Varnishing the blank proved to be a challenge at first. Rather than make a varnish tank I tried to cheat and brush on the varnish. That proved to be a disaster. The first varnish I tried would not dry either. I had to strip all the sections and completely start over again. I built my own dip tank and went by the directions I originally should have. I also switched to Helmsman Spar by Minwax. The result was great. Three coats and a lot of elbow grease sanding between coats, compounding and polishing and they are ready to be wrapped. The fitting and lapping of the ferrules is also something I am glad I spent weeks reading about before attempting. It is looking beautiful and should be ready for the final coats of varnish on the wraps next week. It will hard to wait a week for the finish to cure before casting it.


----------



## Backwater (Dec 14, 2014)

BlackMantis, it's looking good and it appears that your rod has a decent taper to it and a stout butt.  You need that throwing larger flies.

This was a 2 handed 9wt custom made that I field tested for a couple of years.  It had a little too much flex in the butt than I cared for.  It was designed for small tarpon, but I would never use for that.  Sent it back to the builder about 6 yrs ago.  Had some fun dock light fishing with it though.   





I had a Southbend Bamboo that was beautiful (circa 1942), but it was in such pristine condition, that I did fish it in the salt and mainly kept it as a collectors item.  But in the downsizing of my fishing/fly fishing stuff, I sold it on ebay and it brought in some good dough.
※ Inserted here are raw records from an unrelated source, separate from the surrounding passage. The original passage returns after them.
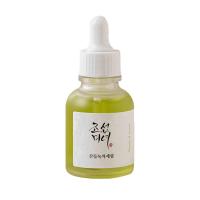 Conjunto de Cuidado de la Piel de Belleza Probiótica de Arroz Coreano Esencia Facial de Protección Solar, Tóner Exfoliante, Aceite de Limpieza para Varios Tipos de Piel - details 0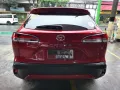 ✅Toyota Corolla Cross 2023 1.8 G Automatic-10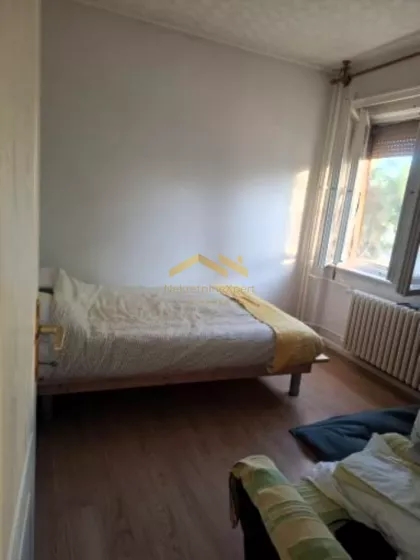 Banatić | 4zida.rs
One rod that I had that I would buy again and re-do was a 6wt - 3 piece Montague Sunbeam.  That rod had a nice medium action (in todays standards) with a heavier butt section for lifting, fighting big fish and throwing larger flies.  You can buy them cheap enough since they were a production Japanese built rod in the 40's and 50's to compete against the US built bamboos.  Again, I sold mine but if I knew how to re-build rods or build rods, I would have kept it and modernize it.  I'm hoping to learn to build fly rods in the near future so I might pick up one on ebay for a project 6wt bamboo.


----------



## kamakuras (Feb 23, 2012)

Took the rod out this weekend and it casts great! I really am pleased with the action and strength of the rod although I didn't catch anything due to the weekend boat traffic in the river up here. My only regret was using color protector on the wraps. I did three coats on the silk then varnished. They were not sealed I guess and have a "tiger stripe" look where some of the color protector penetrated the thread. There is a brand specifically made for silk I may try or just varnish the silk directly and get the transparent look. I am finishing the second tip now and will just varnish the silk to see how I like it. Oh well it was a good learning experience before I start my next project of planing my own blank from scratch. Now I am going to see how it handles a redfish this weekend.


----------



## Backwater (Dec 14, 2014)

Some of the rod guys might have a better solution, but there is a possibility that the color protector and the varnish are not compatible with each other.  I have fixed issues similar to that in the pass by taking a heat gun and just barely heating it up to get that striping effect out.  Maybe you can experiment by re-creating the same thing on a thin 1/8" dow (from walmart).  Letting it set up as long as you did your rod and then taking the heat gun to it to see if that solve that effect.  Again, just heating it lightly and not making the varnish bubble. It's a common occurrence when someone uses a oil based product over a water based product (or vise versa).


----------



## kamakuras (Feb 23, 2012)

Thanks for the great suggestion. I am going to do some experimenting just like you said before I finish my next rod and see what works best.


----------